К сожалению, мою двоюродную сестру Антонину, старшую сестру Константина, после войны сослали в Сибирь (в Томск), где она умерла от туберкулёза менее чем через год. Она была намного старше меня, но я её хорошо помню. Позже мы узнали о судьбе Антонины от её родителей, Петра и Виктории, которые прожили с нами пару месяцев.

В последние месяцы войны, как и после войны, многие местные ребята разбежались по лесам. Они скрывались от призыва в Советскую Армию. Их массово призывали в вооружённые силы и отправляли в Курляндский котёл воевать за советскую власть. Я знал троих таких «беглецов» – моего двоюродного брата, отца моего друга и ещё одного соседа. Они время от времени спали у нас дома, ночевали на полу. Маму просили дать им подушки. Мы не могли никому ничего о них говорить. Днём они прятались в лесу. В 1947 году все трое обратились к официальным властям в Резекне и после фильтрации остались живы и здоровы и начали нормальную гражданскую жизнь.

Сразу после войны в Вилянах появилось много русских семей с детьми. В результате массовой и планомерной миграции Виляны стали двуязычным городом. И по сей день в Вилянах проживает более 50% русских и только 47% латышей. Во времена Улманиса4 в Вилянах проживало 1,3 тысячи человек. В советское время население городка выросло до 4,7 тысяч. Согласно статистике, на момент написания этой книги в Вилянах проживало менее 3 тысяч жителей. Я прекрасно помню послевоенные потоки мигрантов из огромного Советского Союза. Из нашего дома было хорошо видно железную дорогу, по которой шли составы с переселенцами из Москвы в Ригу. Многие из них сидели на крышах вагонов. Голодные, облезлые и грязные, они смотрели на наши поля, леса, дома, людей.

Конечно же, война дала о себе знать. Царил тотальный дефицит. Не было ничего. Так как у нас было своё хозяйство, мы не умерли с голоду. Примерно в 1949—1950 годах наши земли и скот перешли совхозу, позже Вилянской селекционно-испытательной станции. Нам великодушно оставили одну корову. Наверно, мы не оказались в Сибири только потому, что по меркам властей нас причислили к беднякам.
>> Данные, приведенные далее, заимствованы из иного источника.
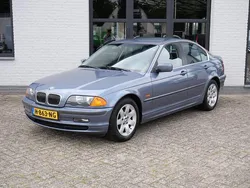 Blauw Gebruikt 1998 BMW 328 Executive Sedan | € 6.950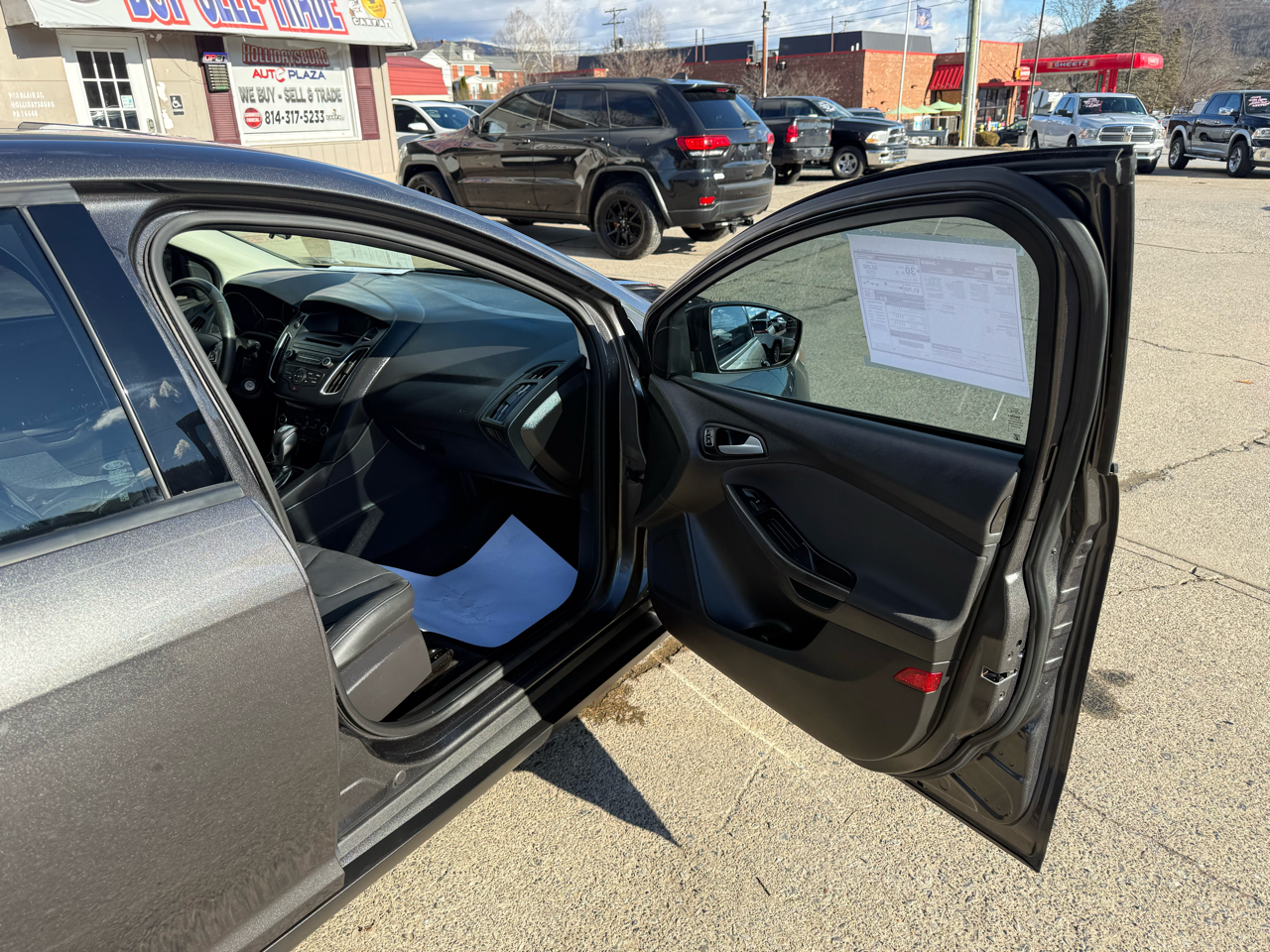 Ford Focus SE Hatch 2015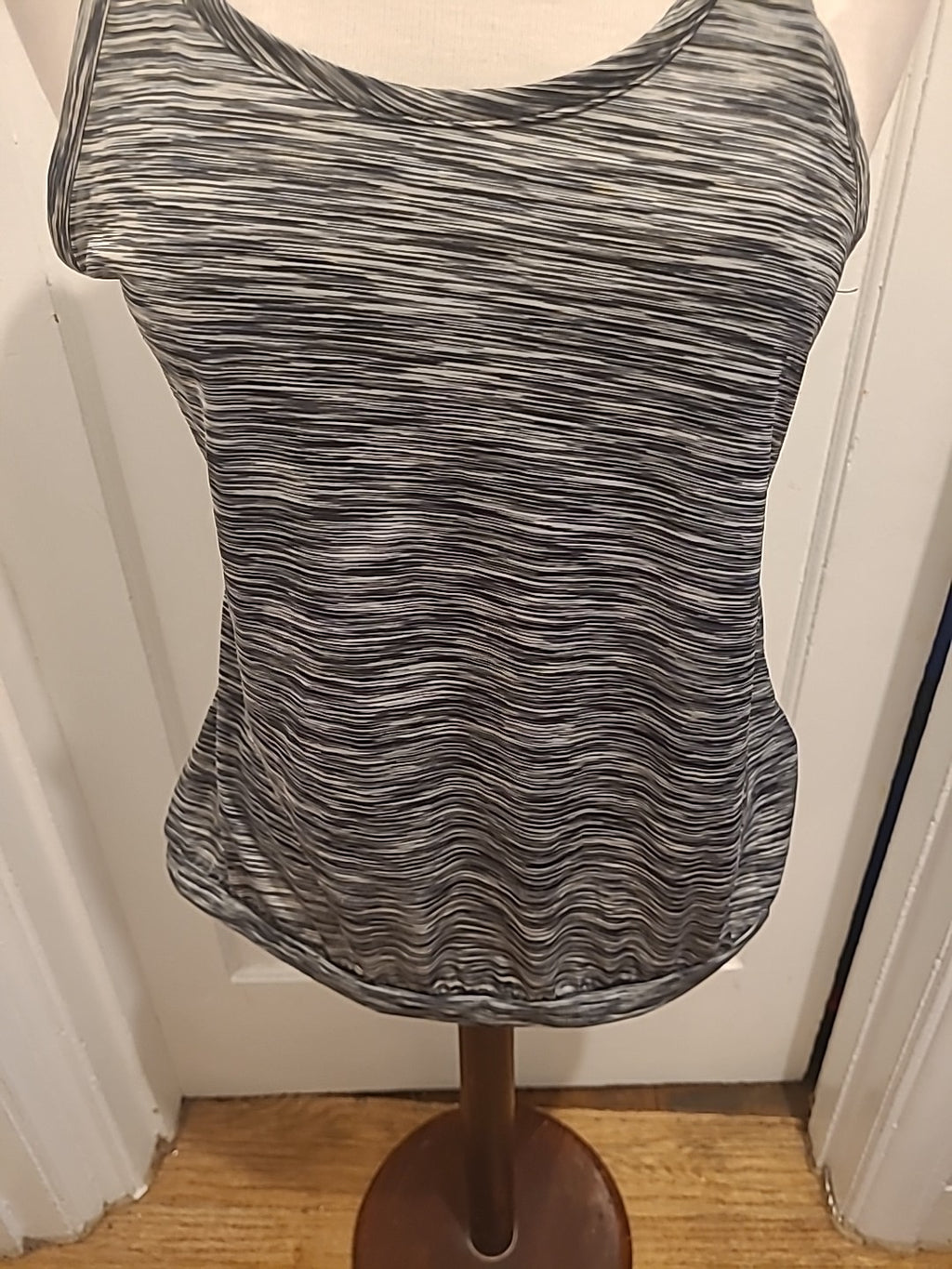 Ladies H&M Sport Size Medium Grey Fleck Racer Style Vest Top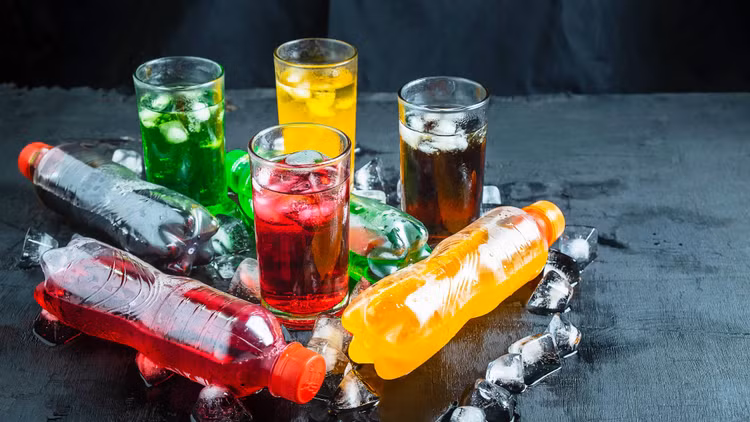 Tránh các loại thức uống có gas sẽ giúp hệ tiêu hóa tốt hơn. Ảnh minh họa/Internet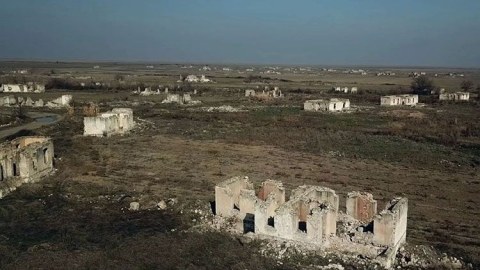 Qarabağlıların məzarı Qarabağa köçürülə bilər? - Ziyalı və din xadimi: “Buna etiraz edirəm!”   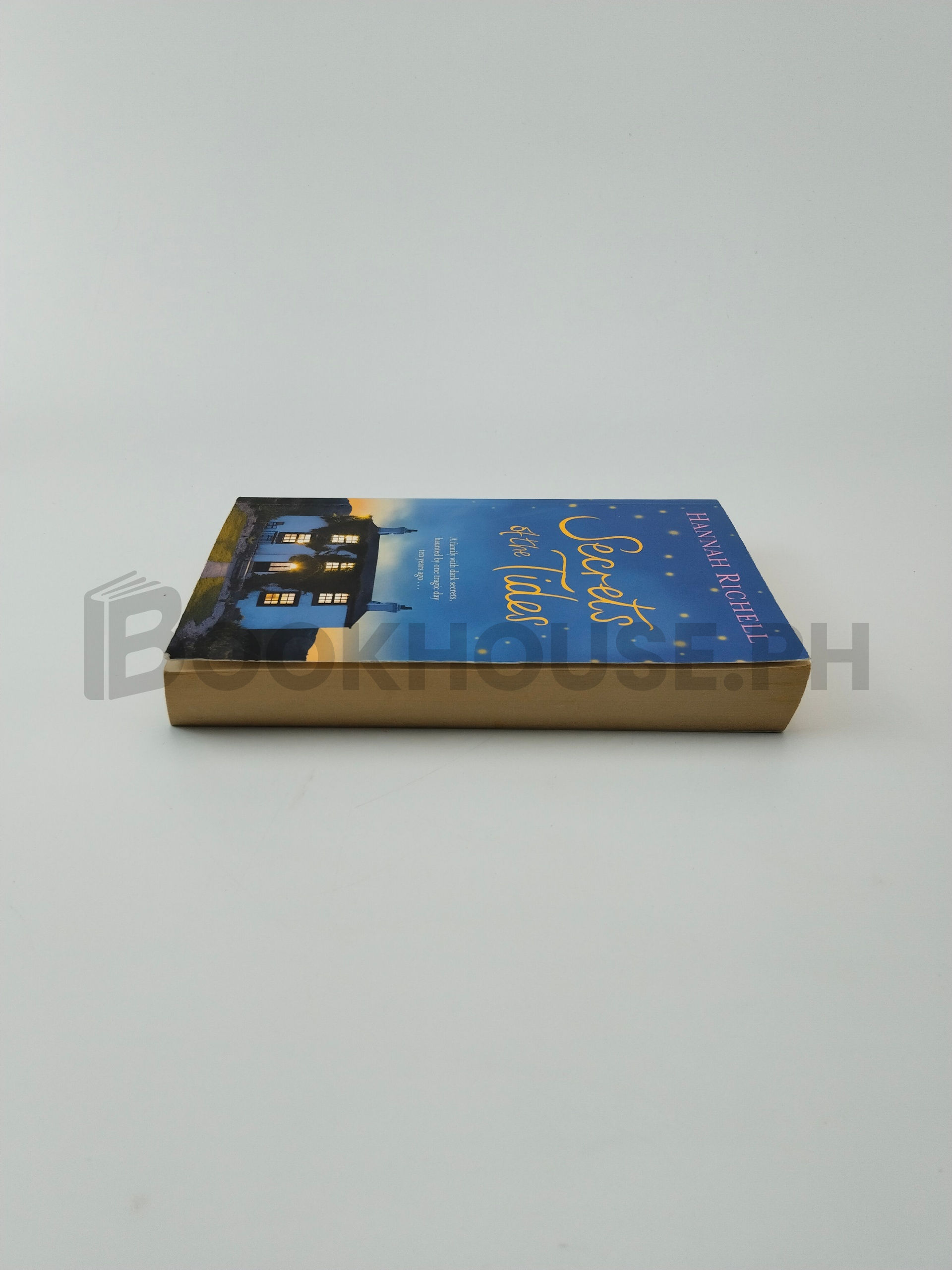 Secrets Of The Tides by Hannah Richell - Image 4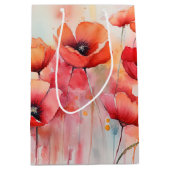 野原に咲く赤い水色のケシ ミディアムペーパーバッグ (正面)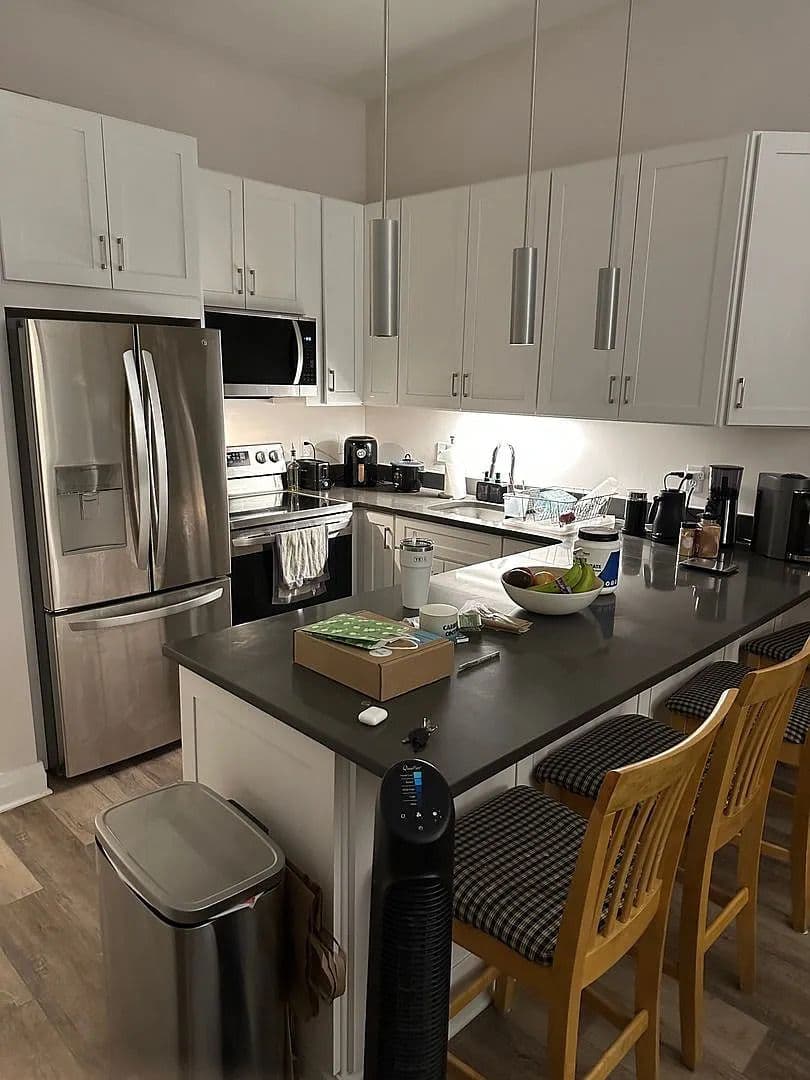 Philadelphia Apartment: 237 Chestnut St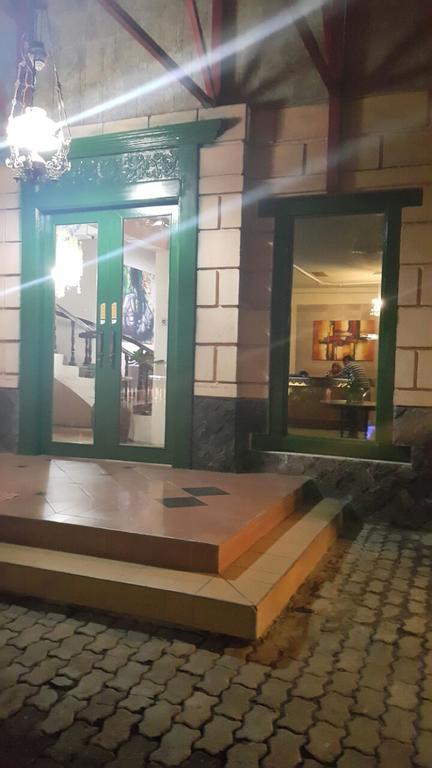 Le Paradis Hotel Палембанг Екстериор снимка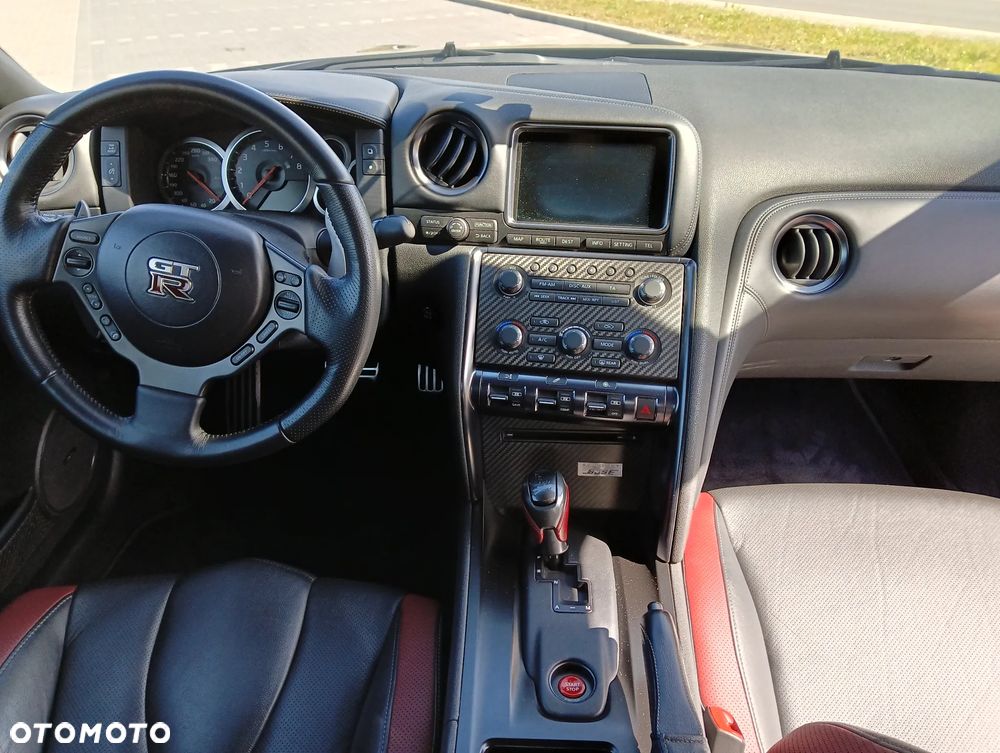 Nissan GT-R Black Edition - 35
События приходили и уходили, и я рос вместе с ними. Я получил первое католическое причастие в 1945 году.

Церковные праздники были прекрасными, но моим самым большим праздником были школьные каникулы. В школе музыка стала наслаждением для моей души. Я пел в школьном хоре, танцевал, играл на духовых инструментах, трубе и теноре.

Я учился в Вилянской средней школе. Утром 3 километра в школу, вечером 3 километра назад домой. Ходил из нашего хутора вместе с соседями Леоном Тутаном и Адольфом Саминьшем. Ходьба подталкивала к размышлению. Пока идёшь, хорошо размышлять о самых разных вещах и напевать где-то услышанные мелодии. Обучение в школе велось в трёх параллельных классах – двух латышских и одном русском. В моём классе было 25 учеников. Моими любимыми предметами были география и история. Меньше всего любил математику. Из языков, помимо латышского и русского, у нас был английский.

Хотя русский язык у нас начали преподавать только с 4-го класса, я заговорил по-русски гораздо раньше. После войны вокруг собралось много русскоязычных детей. Как-то ведь надо было объясняться.

В наше время в Латвии не было октябрят. В 1950 году весь наш класс приняли в пионеры. Раздали красные галстуки. Мы их каждый день не носили – только по праздникам. Пионервожатым у нас был мужчина. Приём в пионеры оказался несерьёзно формальным. Вожатый вошёл в класс и спросил, согласны ли мы вступить в большой отряд советских пионеров. Мы ответили: «Всегда готовы!» Для нас это ничего не значило – все согласились, но и другого выбора не было.